The subfields chosen in our analysis include Cornu Ammonis (CA) region 1 (CA1), CA region 2 and 3 (which was combined in Freesurfer’s method; CA2-3), Subiculum (SUB; comprising presubiculum and subiculum in the Freesurfer pipeline), and dentate gyrus (DG; comprising of CA4 and DG in the ASHS atlas package). These four subfields are measured for all analyses for left and right sides for a total of eight subfields. Note that LASHiS computes as many labels as in the initial atlas package (usually 14 per side). To obtain more internally consistent measures of volume and to focus results on determining what fraction of hippocampal volume is attributed to each subfield rather than fractions of whole brain volume, we normalised all raw volume values by total hippocampus formation volume (e.g., CA + DG + SUB). We examined subfield results for all comparisons but report significant differences only between the most relevant comparisons: namely between LASHiS and FS Long, as these are the two longitudinal pipelines of interest.
3.0 Results
3.1 Experiment one: test-retest reliability
We conducted a series of Bayesian paired-sample t-tests in order to test absolute volume differences between the second and third time point. Figure 3 shows differences between methods for volume similarity in this test-retest experiment. We found that LASHiS and Diet LASHiS showed significantly higher volume similarity in all subfields than other methods. Specifically, we found LASHiS to have decisively higher (BF10 > 100) volume similarity coefficients compared to FS Long in all subfields. ASHS Xs also showed high volume similarity in DG subfields compared to the Freesurfer variants, though with high variability; we observed larger variability in the volume similarity in all other methods compared to LASHiS variants (see Supplementary Figure 1 for subfield variance breakdowns). All other comparisons with LASHiS are detailed in Supplementary Figure 1 and 2.
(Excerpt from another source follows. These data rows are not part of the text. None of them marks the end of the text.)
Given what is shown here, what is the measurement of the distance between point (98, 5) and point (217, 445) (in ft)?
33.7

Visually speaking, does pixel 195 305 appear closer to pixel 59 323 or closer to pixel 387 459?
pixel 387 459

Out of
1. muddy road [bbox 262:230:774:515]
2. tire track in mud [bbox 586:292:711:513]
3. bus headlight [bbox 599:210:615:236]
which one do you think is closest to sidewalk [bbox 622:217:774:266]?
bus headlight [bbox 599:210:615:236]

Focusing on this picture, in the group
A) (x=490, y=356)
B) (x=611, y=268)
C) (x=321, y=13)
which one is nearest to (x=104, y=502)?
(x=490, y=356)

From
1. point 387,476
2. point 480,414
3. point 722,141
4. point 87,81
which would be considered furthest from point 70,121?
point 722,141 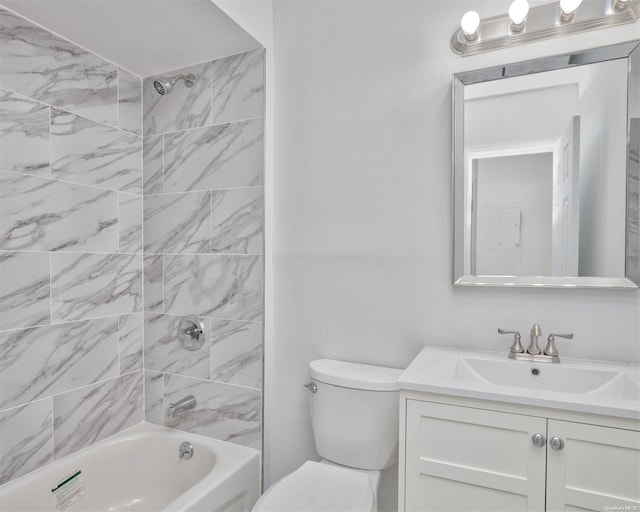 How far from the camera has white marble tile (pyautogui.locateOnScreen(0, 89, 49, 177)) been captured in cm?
154

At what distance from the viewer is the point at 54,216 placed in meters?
1.71

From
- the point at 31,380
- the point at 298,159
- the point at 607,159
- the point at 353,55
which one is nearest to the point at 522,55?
the point at 607,159

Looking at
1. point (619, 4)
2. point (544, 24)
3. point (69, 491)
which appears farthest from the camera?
point (69, 491)

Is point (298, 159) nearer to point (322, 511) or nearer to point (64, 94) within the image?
point (64, 94)

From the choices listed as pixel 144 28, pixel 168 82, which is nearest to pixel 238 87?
pixel 168 82

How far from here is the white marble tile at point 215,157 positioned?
185 centimetres

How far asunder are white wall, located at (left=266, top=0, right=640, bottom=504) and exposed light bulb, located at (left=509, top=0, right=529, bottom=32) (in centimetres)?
10

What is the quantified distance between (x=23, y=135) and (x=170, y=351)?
1.11 meters

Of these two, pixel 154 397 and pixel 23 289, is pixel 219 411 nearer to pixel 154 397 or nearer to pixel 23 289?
pixel 154 397

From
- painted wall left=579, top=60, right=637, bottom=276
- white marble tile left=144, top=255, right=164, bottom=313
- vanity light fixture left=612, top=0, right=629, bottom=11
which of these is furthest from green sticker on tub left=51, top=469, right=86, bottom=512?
vanity light fixture left=612, top=0, right=629, bottom=11

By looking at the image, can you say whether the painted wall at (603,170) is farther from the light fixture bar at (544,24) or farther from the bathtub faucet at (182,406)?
the bathtub faucet at (182,406)

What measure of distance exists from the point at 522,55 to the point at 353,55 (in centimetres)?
65

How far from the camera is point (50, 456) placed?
1684 mm

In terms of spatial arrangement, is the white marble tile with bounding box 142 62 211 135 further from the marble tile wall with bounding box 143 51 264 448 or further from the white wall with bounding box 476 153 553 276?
the white wall with bounding box 476 153 553 276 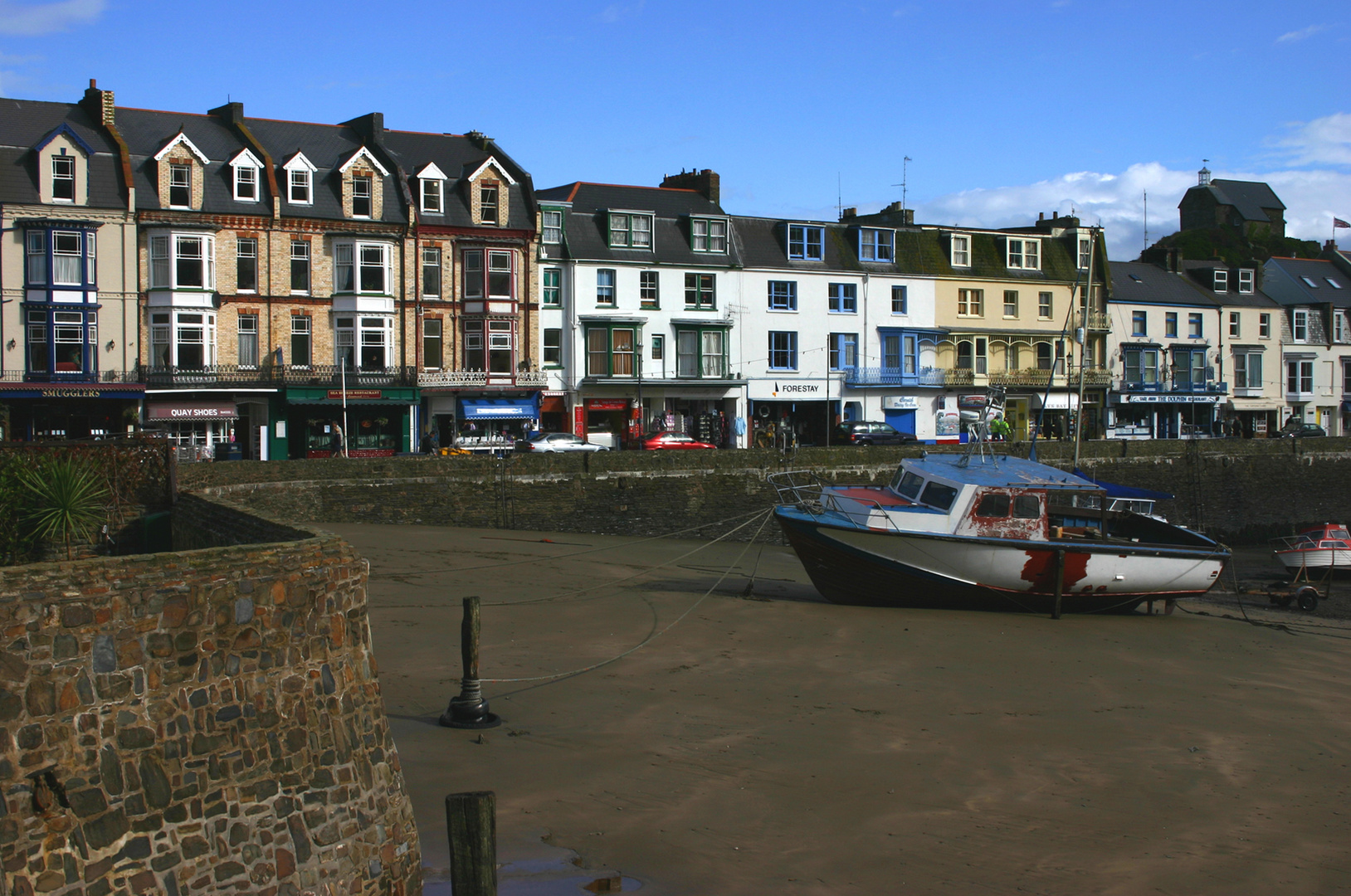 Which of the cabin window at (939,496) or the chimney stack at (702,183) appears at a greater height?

We next conducted Bayesian paired-sample t-tests for Dice overlaps between the segmentation labels in the second and third time point. Figure 3 shows Dice overlap values of each subfield for each method. Note, that Dice scores for LASHiS, Diet LASHiS, Freesurfer Xs and ASHS Xs are negatively affected by the resampling needed to compute the registrations between the two time points, which is not present in the FS Long method. Our results do not fully replicate Iglesias et al. (2016) in terms of mean Dice overlap scores for test-retest reliability, but we found slightly lower Dice overlaps for all subfields in our sample in the Freesurfer methods compared to Iglesias et al. (2016). This discrepancy is potentially due to methodological differences between Iglesias et al. (2016) and our study - scanner hardware (1.5 T rather than our 7 T) and sequence choice (IR-SPGR rather than our MP2RAGE).
In terms of subfield differences, we will detail comparisons only for LASHiS and FS Long, with all method comparisons included in Supplementary Figure 3 and 4. We found that Dice overlaps for LASHiS were higher than FS Long for test-retest reliability decisively in Left-DG and Right-DG (BF10 > 100) and anecdotally in Left-CA1 (BF10 > 1). We found no difference between LASHiS and FS Long in Right-CA1, and Right-SUB (BF10 < 1). FS Long had substantially higher scores than LASHiS for Right-CA2-3, Left-CA2-3, and Left-SUB (BF10 > 10).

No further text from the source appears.